**** Records ****

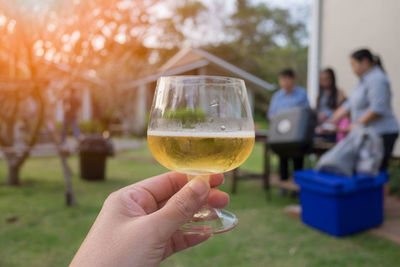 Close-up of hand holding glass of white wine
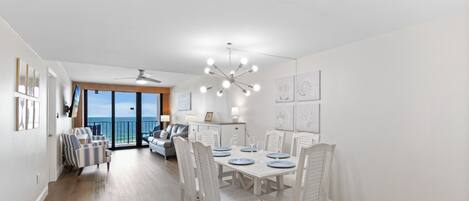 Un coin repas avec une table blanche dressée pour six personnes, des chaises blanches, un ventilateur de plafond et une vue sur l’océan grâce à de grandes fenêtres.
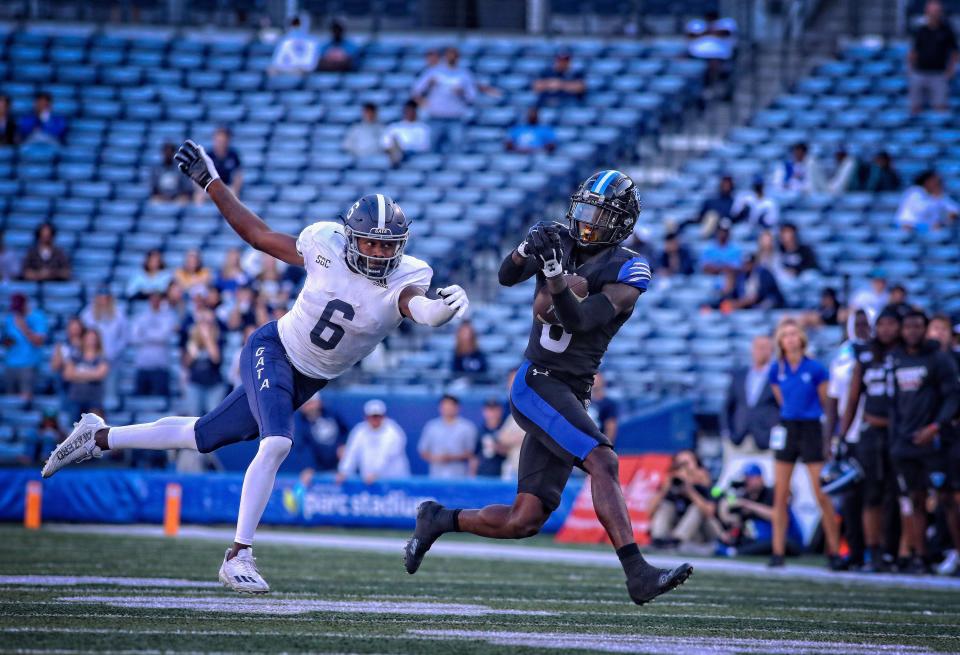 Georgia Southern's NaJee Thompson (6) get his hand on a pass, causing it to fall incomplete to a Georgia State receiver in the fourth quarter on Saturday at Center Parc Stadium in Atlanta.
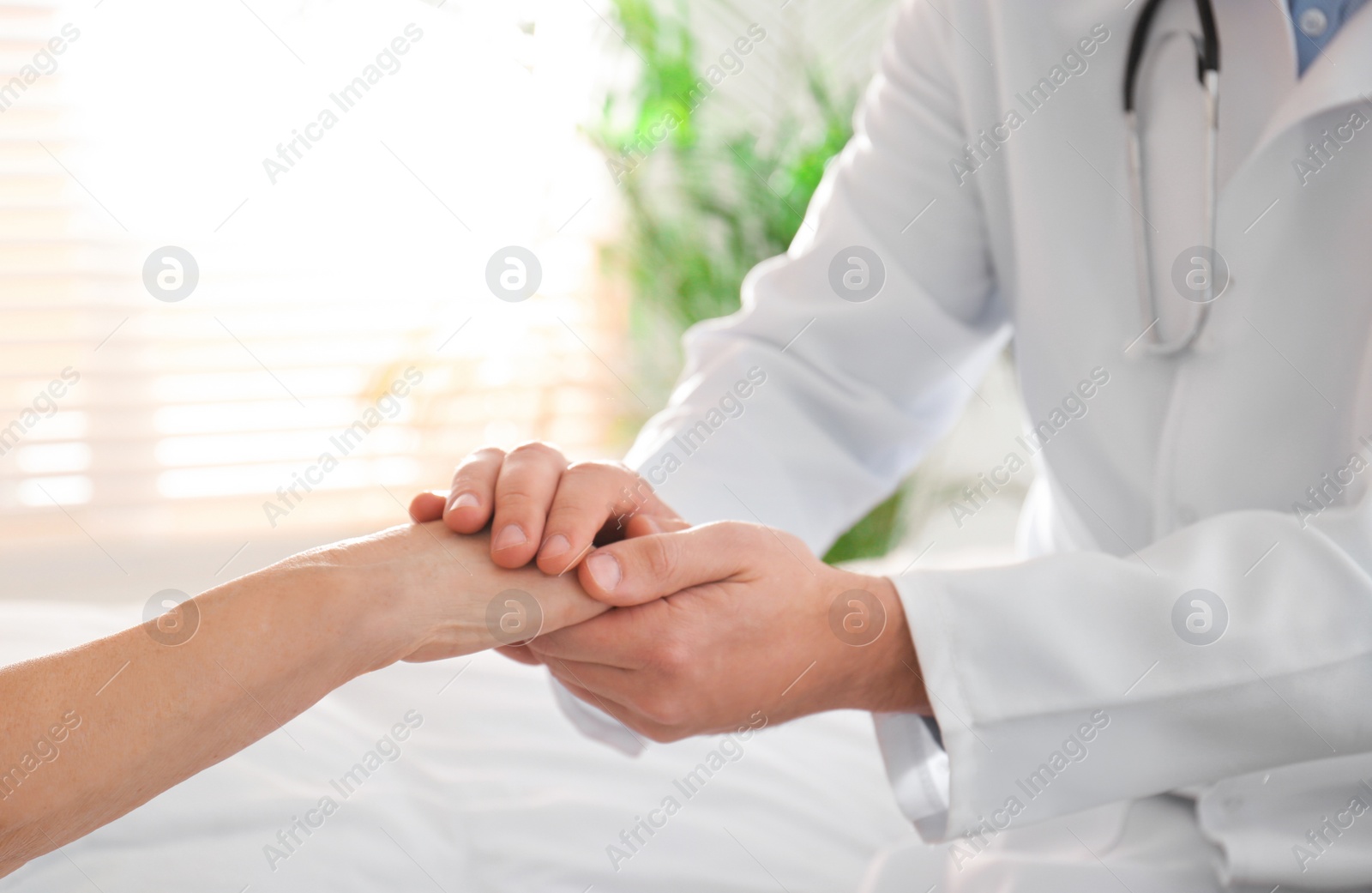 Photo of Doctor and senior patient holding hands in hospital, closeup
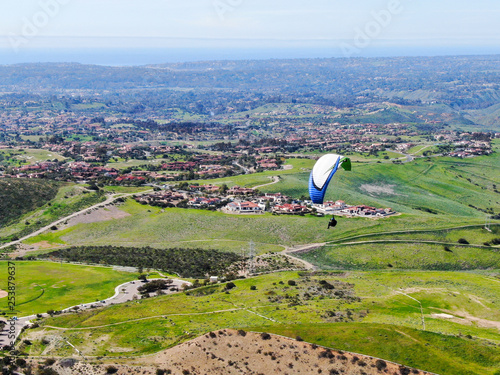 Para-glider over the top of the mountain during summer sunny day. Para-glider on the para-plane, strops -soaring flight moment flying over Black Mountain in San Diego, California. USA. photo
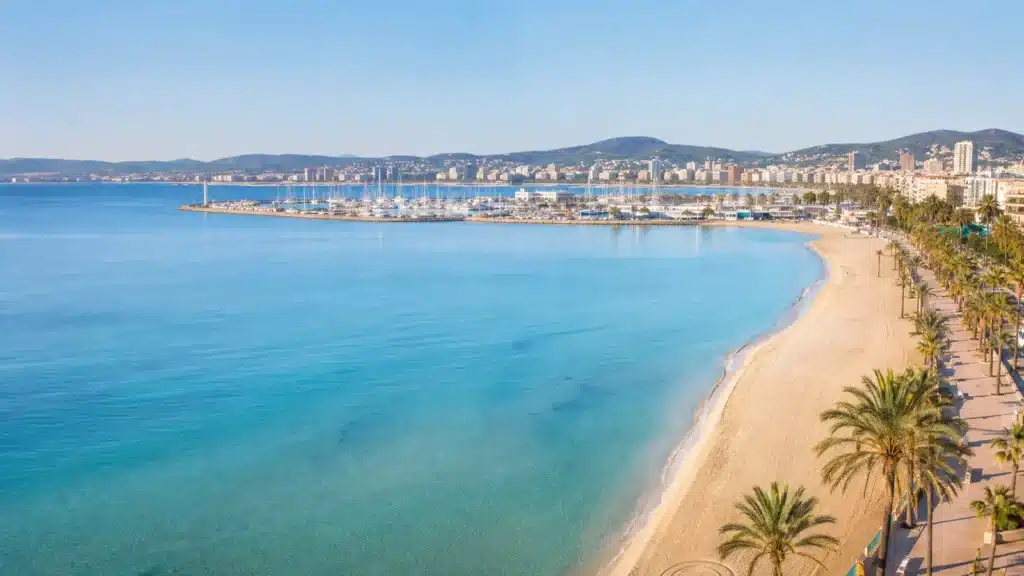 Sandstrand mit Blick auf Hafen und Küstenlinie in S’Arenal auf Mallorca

****

The records above need to be printed in full and exactly, without any of the pictures.

**Worked solution**
 Close-up of hand holding glass of white wine
 Un coin repas avec une table blanche dressée pour six personnes, des chaises blanches, un ventilateur de plafond et une vue sur l’océan grâce à de grandes fenêtres.
 Georgia Southern's NaJee Thompson (6) get his hand on a pass, causing it to fall incomplete to a Georgia State receiver in the fourth quarter on Saturday at Center Parc Stadium in Atlanta.
 Photo of Doctor and senior patient holding hands in hospital, closeup
 Para-glider over the top of the mountain during summer sunny day. Para-glider on the para-plane, strops -soaring flight moment flying over Black Mountain in San Diego, California. USA. photo
 Sandstrand mit Blick auf Hafen und Küstenlinie in S’Arenal auf Mallorca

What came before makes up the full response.